I'm with most others that prep in knowing the government won't take care of me. But why do I prep? Because I'm a survivor!


----------



## rjd25 (Nov 27, 2014)

I prep for my son. I would do anything to protect him. Then it kind of ballooned into my ignorant extended family and my wife's ignorant family. Plus I had a little fun along the way buying new stuff.


----------



## Maine-Marine (Mar 7, 2014)

ajk1941 said:


> The Doom Boom: US Families Increasingly Prepared For "Modern Day Apocalypse"
> 
> I just read his article on line and have to agree with most of what was said. I started prepping 2010 because it became obvious that I had less control of what was occurring and impacting my family and I. The work situation became more chaotic, the economy unstable, food and energy prices were and still are rising. So I determined that I would take what actions I could to stabilize and prepare for what could come down the pike.
> 
> Looking at what's happening across our country, it would be foolish not to take steps to protect yourself and those you love. I am realistic enough to know that I can't prepare for every possible contingency, but in good conscience, I would be a fool not to do what I can.


No Matter the event - you will need FOOD, WATER, SHELTER, SECURITY, MEDICAL.....

Those things will get you through many many events... Maybe not an alien invasion with death rays and heat seeking bullets


----------



## ApexPredator (Aug 17, 2013)

Cant say it better RJD25 when it was just me and the misses I didn't really worry about because no matter what happened I could take care of us (with any certainty that anyone can say anything). With my son it changed that dynamic not only did I have to consider his support but his care and their support and then security and then health and then logistics and then and then and then. Soon Ill have a forge a farm and a machine shop on all solar.


----------



## pheniox17 (Dec 12, 2013)

Watch the weather news over the rest of December and all of Jan, cyclone season is starting (hurricane for you USA speaking lot, typhoons for you Asian lot  ) 

North coast to Central coast qld is normally under threat

Most of the was coast is under threat

And nt coast gets a graze or two

Not the reason why I prep, but a reason I get to yell at the TV when the sob stories come on over buying food and water  

I prep so people like us are not yelling at their TV because if a yearly event where you have no excuse not to be ready... I prep to make us slightly happier at the TV


----------



## oldgrouch (Jul 11, 2014)

Mostly I prep for my family, esp. my grandchildren. Have you watched the news lately. THis isn't going to end well and I want to be ready for the sake of my family.


----------



## Moonshinedave (Mar 28, 2013)

I prep, because I don't know what tomorrow may bring, because I made a promise in front of God to take care of my wife until my death. Because I have seen on tv, and first hand how people can go from normal to desperate in a very short amount of time. I prep, because most people are only three days from becoming desperate, and when you think something can't happen, it does.


----------



## Maine-Marine (Mar 7, 2014)

Moonshinedave said:


> most people are only three days from becoming desperate...


And desperate people with no moral compass are like kids playing with gas and matches....it is only a matter of time..................


----------



## sideKahr (Oct 15, 2014)

Moonshinedave said:


> I prep, because I don't know what tomorrow may bring, because I made a promise in front of God to take care of my wife until my death.

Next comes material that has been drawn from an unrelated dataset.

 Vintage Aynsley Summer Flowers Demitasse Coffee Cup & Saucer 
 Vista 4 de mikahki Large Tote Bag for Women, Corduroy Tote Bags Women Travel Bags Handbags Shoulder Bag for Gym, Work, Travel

That about says it for me, too, moonshine. Very eloquent.


----------



## tinkerhell (Oct 8, 2014)

ajk1941 said:


> The Doom Boom: US Families Increasingly Prepared For "Modern Day Apocalypse"
> 
> I just read his article on line and have to agree with most of what was said. I started prepping 2010 because it became obvious that I had less control of what was occurring and impacting my family and I. The work situation became more chaotic, the economy unstable, food and energy prices were and still are rising. So I determined that I would take what actions I could to stabilize and prepare for what could come down the pike.
> 
> Looking at what's happening across our country, it would be foolish not to take steps to protect yourself and those you love. I am realistic enough to know that I can't prepare for every possible contingency, but in good conscience, I would be a fool not to do what I can.


Can you copy and paste the text of that article? There is some sort of spamming popup that is preventing me from reading it.


----------



## rjd25 (Nov 27, 2014)

tinkerhell said:


> Can you copy and paste the text of that article? There is some sort of spamming popup that is preventing me from reading it.


From the outside America may seem to be a land of endless optimism and confidence. But, as Sky News reports, an increasing number of Americans seem to think it is danger of falling apart, and they're preparing for the end. "We're not talking about folks walking around wearing tin foil on their heads,; we're not talking about conspiracy theorists. I'm talking about professionals: doctors and lawyers and law enforcement and military. Normal, everyday people. They can't necessarily put their finger on it. But there's something about the uncertainty of our times. They know something isn't quite right."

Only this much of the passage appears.